· Cathedral restoration part funded by Department allowing for emergency works to building structure
· Newly restored organ now boasts over 4,500 pipes, making it the biggest in the Republic and the only one located in 'a pit' across the whole island of Ireland
Jimmy Deenihan TD, Minister for Arts, Heritage and the Gaeltacht will attend the re -dedication of the Cathedral Organ at St. Fin Barre's Cathedral Cork on Sunday 20th October.
The service will commence at 16.00hrs with the re dedication by the Right Reverend Paul Colton (Bishop of Cork) of the Cathedral organ which was originally built in 1870 by William Hill. This will be followed by the sung office of Choral Evensong, a sung Te Deum, and a spectacular organ voluntary.
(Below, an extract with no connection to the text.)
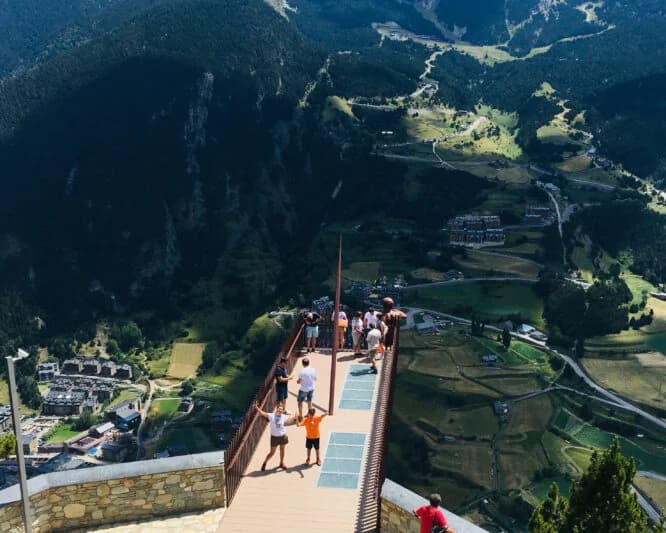 Mirador Roc del Quer pasarela cristal Canillo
Speaking in advance of the service Minister Deenihan said "St Fin Barre's Cathedral Cork is a protected structure on Cork City Council’s Record of Protected Structures. The Cathedral is rated as being of International importance on my own Department’s National Inventory of Architectural Heritage’s survey and it is also a recorded monument. As one of the most coherent examples of Victorian ecclesiastical architecture in Western Europe I was delighted last year, under the Special Projects funding measure to allocate a sum of €212,000 towards the conservation works to the cathedral."
The newly restored organ now boasts over 4,500 pipes, making it the biggest in the Republic. It is also the only organ situated in 'a pit' across the island of Ireland. For over 700 years there has been a choir in the various cathedrals on the site. The organ is essential to the continuance of this tradition which not only provides three choral services a week but also provides free musical education for boy and girl choristers from 8 years of age upwards. Third level students also benefit from the lay vicar scholarship programme.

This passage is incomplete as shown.